**Input for this task**

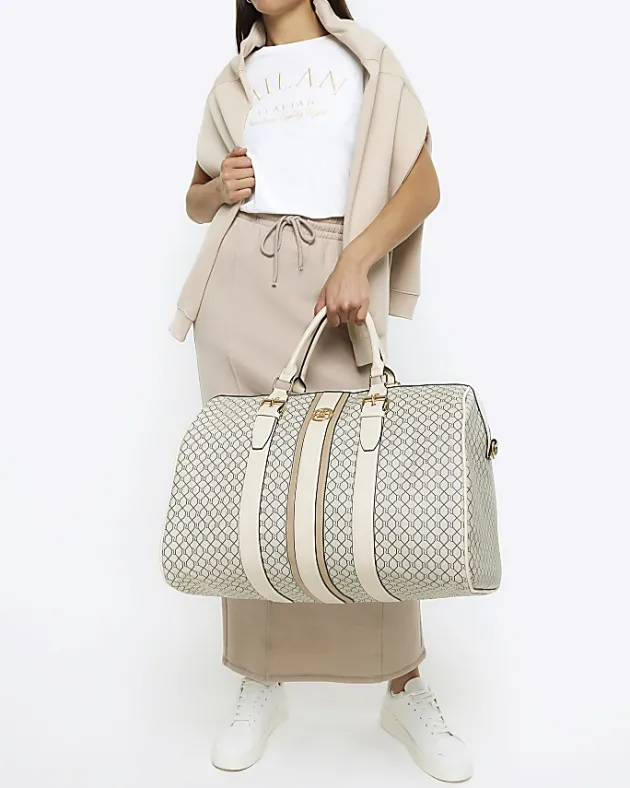 River Island Beige RI monogram travel bag< Bags, Purses & Luggage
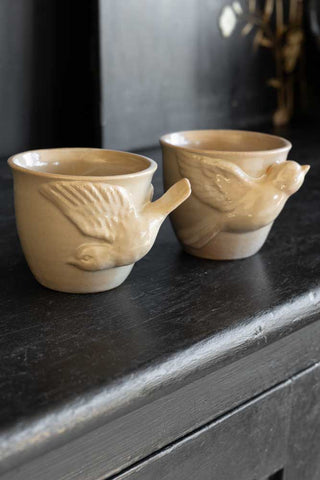 Lifestyle image of the Set Of 2 Taupe Bird Mugs showing both mugs together on black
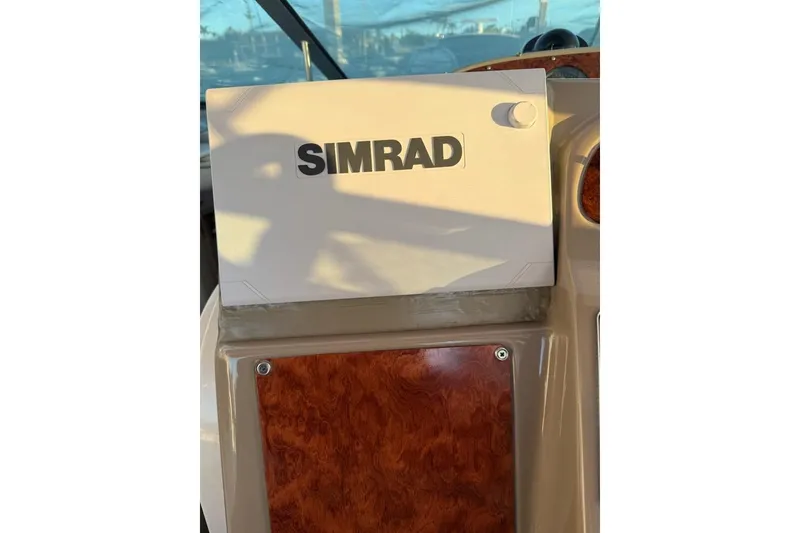 Slide: The Image of Simrad navigation system on 1998 Maxum 3700 SCR boat dashboard. - 43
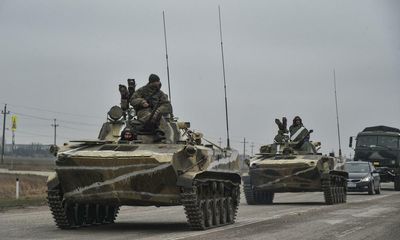 Russian soldiers accused of firing on civilian vehicles in Ukraine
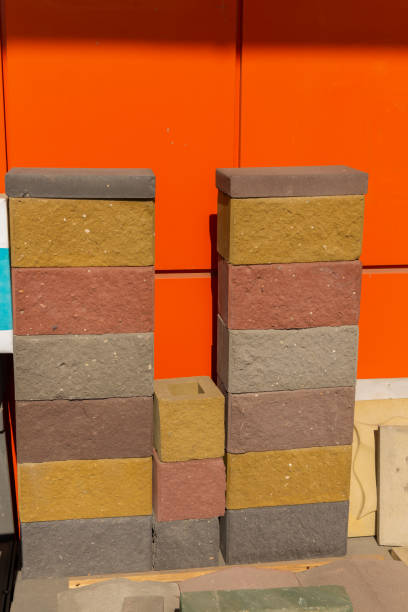 istock Samples of multicolored building blocks made of pressed cement-sand mixture. 1484099513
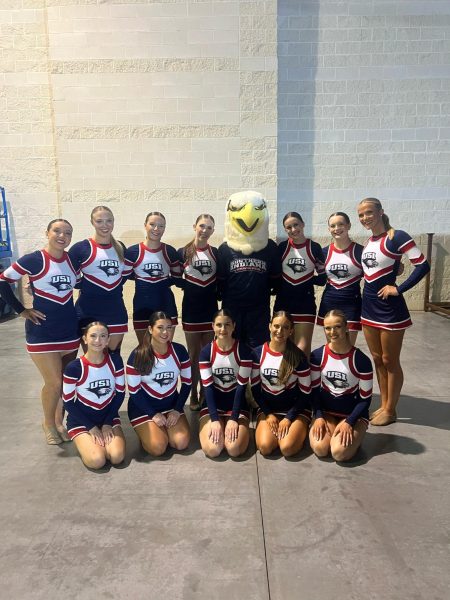 Members of USI dance team smile with Archie the Eagle after competing in the spirit rally performance Thursday afternoon at Daytona, Florida.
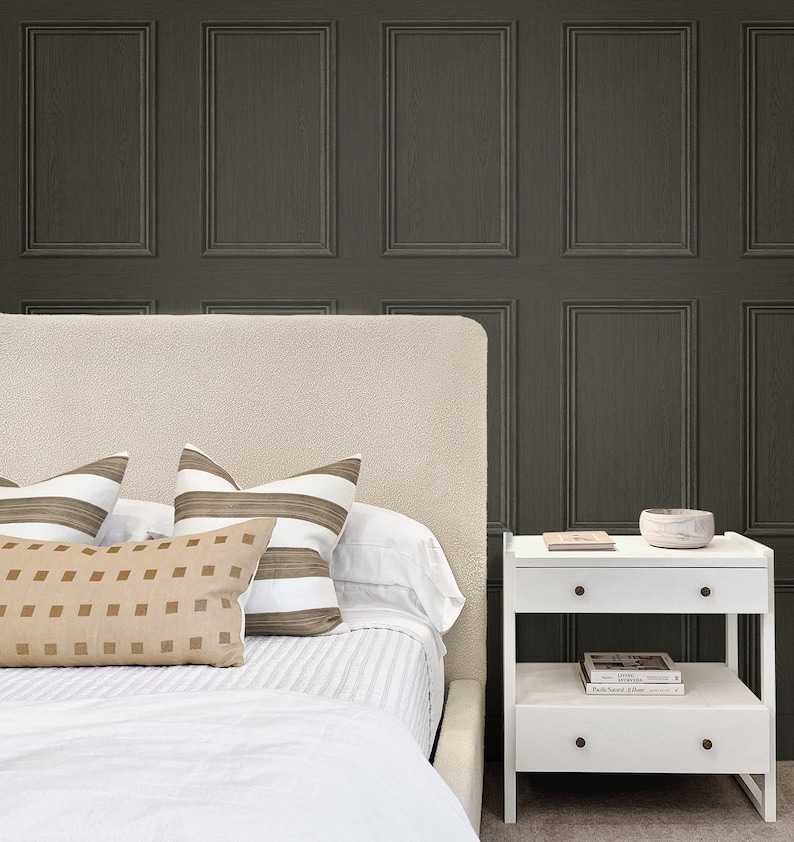 Op de afbeelding: Een wit bed met een wit hoofdeinde en een wit beddengoed. Er liggen drie kussens op het bed, twee gestreepte kussens en een effen kussen. Een wit nachtkastje met twee laden en een plank staat naast het bed. Op de bovenste plank van het nachtkastje staan een kleine kom en een boek. De muur achter het bed is bedekt met donkergrijze behang met een houten paneel ontwerp.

**Prompt**
Give back, unaltered, each line of the listing from the first to the line that contains "Slide: The Image", leaving every picture out.

**Response to the exercise**
 River Island Beige RI monogram travel bag< Bags, Purses & Luggage
 Lifestyle image of the Set Of 2 Taupe Bird Mugs showing both mugs together on black
 Slide: The Image of Simrad navigation system on 1998 Maxum 3700 SCR boat dashboard. - 43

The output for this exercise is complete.